Piuttosto ha a che vedere con il tasso naturale di mortalità delle start up (altissimo), la fortuna, la bontà dell’idee, gli investimenti su piattaforme tecnologiche facili da usare e immediate, il sapersi proporre nel modo giusto e la cultura “umana” in cui ci si propone. Nell’unico sito di scambio oggetti italiano si offrono in permuta servizi da caffè del Mesozoico e immaginette della Madonna: chi si sorprende che non vadano via come il pane? Nel corrispettivo americano (Yerdle), che ha subito stretto una partnership con un po’ di aziende per fornire loro una specie di mercato dell’usato, si trovano iPad semi nuovi.

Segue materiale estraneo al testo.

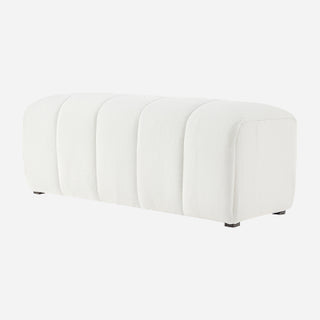 A white faux shearling bench with a channeled pattern and high-density foam padding.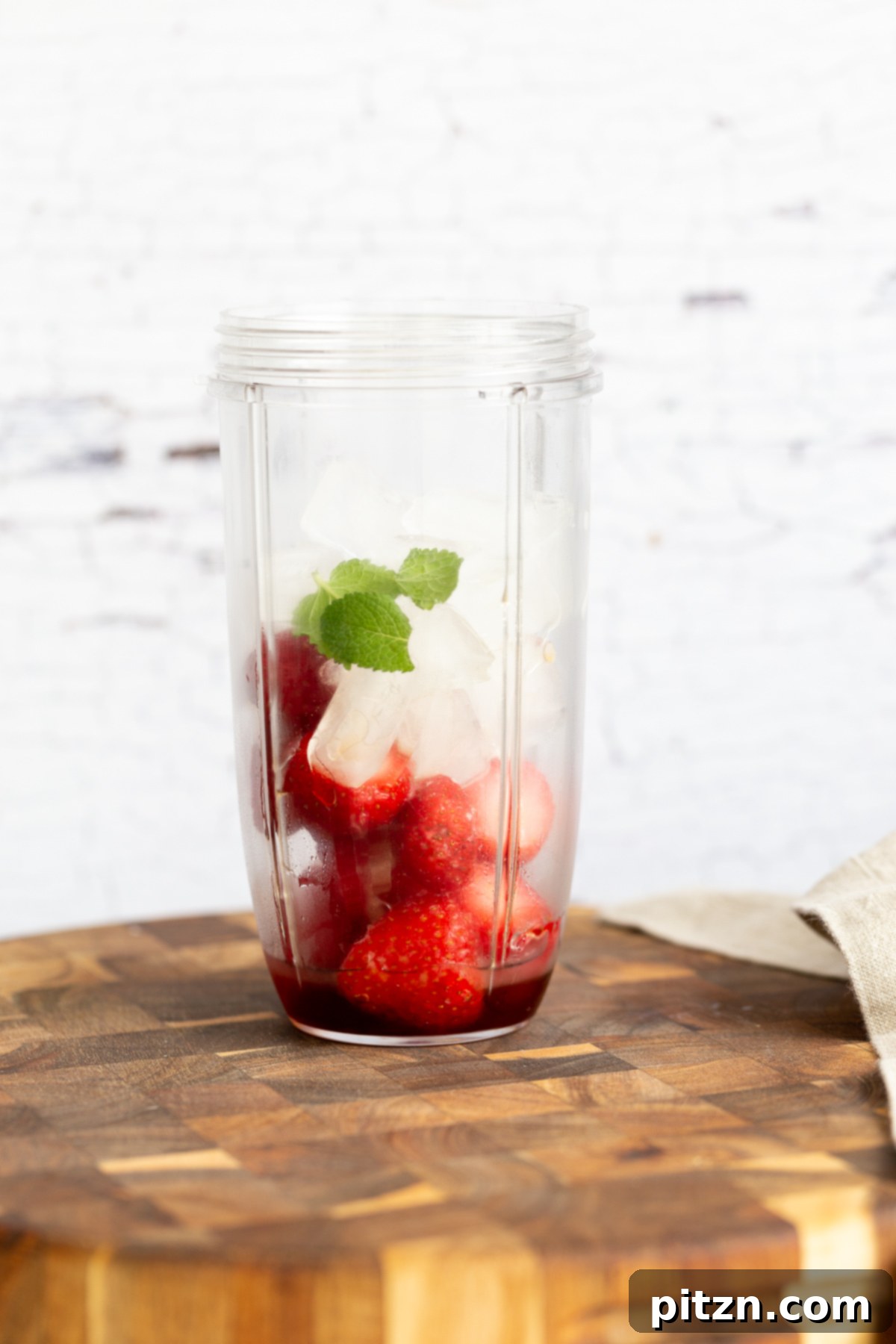 Close-up shot of ice cubes, fresh mint leaves, and vibrant frozen strawberries, all loaded into a blender, ready for mixing.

Quando gli italiani saranno disposti a barattare cose proprie che loro realmente hanno desiderato, allora magari questi siti di scambio decolleranno.
Anche in America d’altronde molti siti sono falliti; ma, appunto, è fisiologico. Stiamo parlando di una cultura del cambiamento: non arriva nottetempo, va costruita, va resa facile, deve rispondere a esigenze reali.

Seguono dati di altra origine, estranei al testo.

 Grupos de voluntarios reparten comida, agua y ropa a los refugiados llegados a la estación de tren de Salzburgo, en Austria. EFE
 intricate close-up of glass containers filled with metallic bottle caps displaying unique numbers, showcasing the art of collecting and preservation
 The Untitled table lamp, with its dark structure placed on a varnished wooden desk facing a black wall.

Airbnb ha sfondato anche perché raccoglieva l’esigenza della due parti, e poi ha saputo costruire una narrazione sopra al tema “condivisione”, aiutando a sdoganare il tema della fiducia e dell’apertura all’altro.

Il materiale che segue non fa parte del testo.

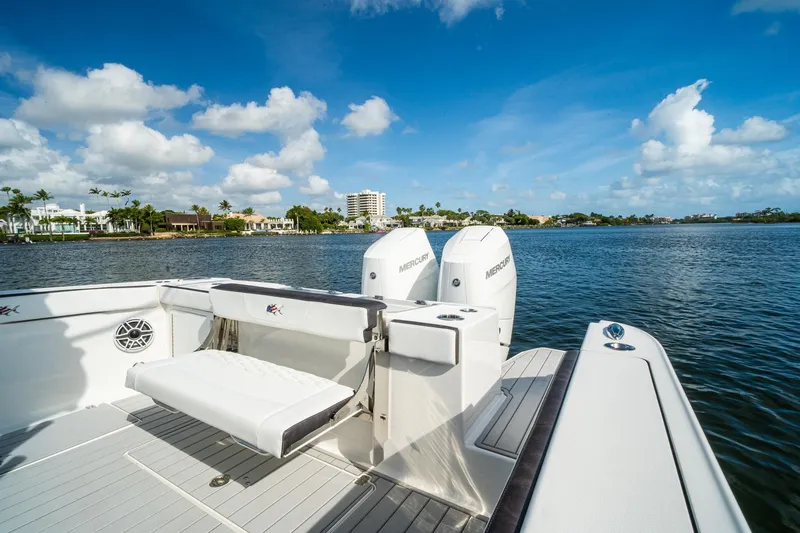 Slide: The Image of 2024 Crevalle 33 CSF boat with dual Mercury engines on a sunny day. - 22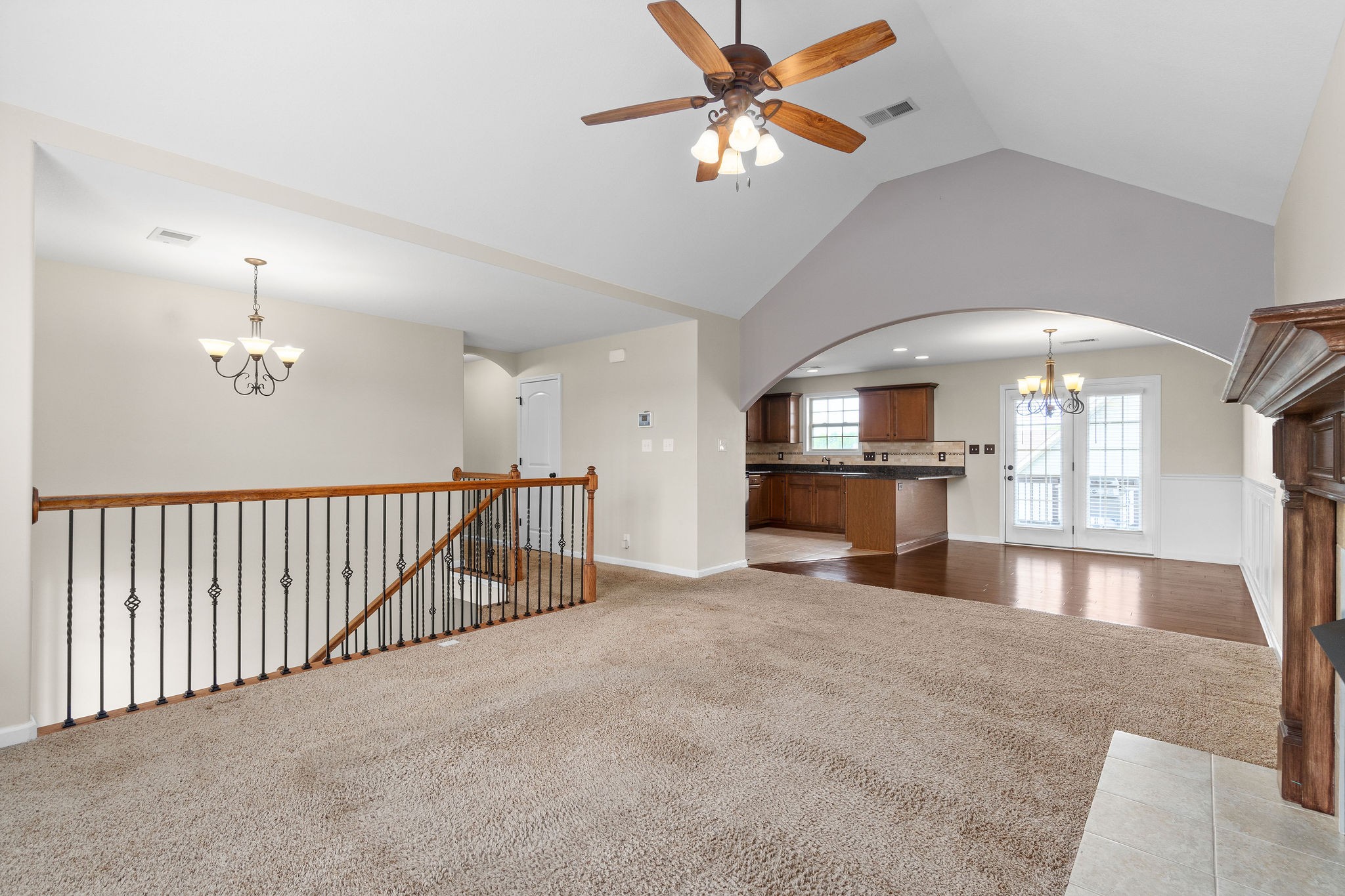 3768 Suiter Road Clarksville, TN 37040 - Photo 9 of 28 wooden floor in a room with a chandelier fan and kitchen view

L’errore, dal mio punto di vista, è stato poi diventare soltanto un business. Un errore al quale peraltro si potrebbe rimediare: se il governo fissasse dei paletti per Airbnb, come hanno fatto ad Amsterdam e a San Francisco indicando un numero massimo di giorni in cui si può affittare, la piattaforma non potrebbe più essere un mercato secondario poco pulito. Non tornerebbe automaticamente “sharing”, ma quantomeno si indicherebbe la strada. Anche a beneficio di altre piattaforme.

Update (25 settembre 2015): Il 21 settembre, la Lombardia è stata la prima regione italiana a stabilire di fatto la legalità dell’home sharing (Airbnb e soci). Anche se non penso che sia legge migliore del mondo, e anche se ci sono parecchie cose ancora da stabilire, il primo passo è fatto. E questa è un’ottima notizia.
Mi sono soffermata a leggere i comunicati con cui Airbnb annuncia ai suoi membri i cambiamenti (qui, per esempio) e, dopo aver elencato tutte le cose che non vanno, credo che sia giusto invece sottolineare il tono di cooperazione con le autorità che la piattaforma ha sempre tenuto, a differenza di Uber.

Il che restituisce un concetto già espresso più volte, e sempre più importante: per conservare la sharing economy, e ampliarne le possibilità, il pallino è nelle mani dei governi, cui tocca stabilire le regole e i paletti, a beneficio dell’intera collettività.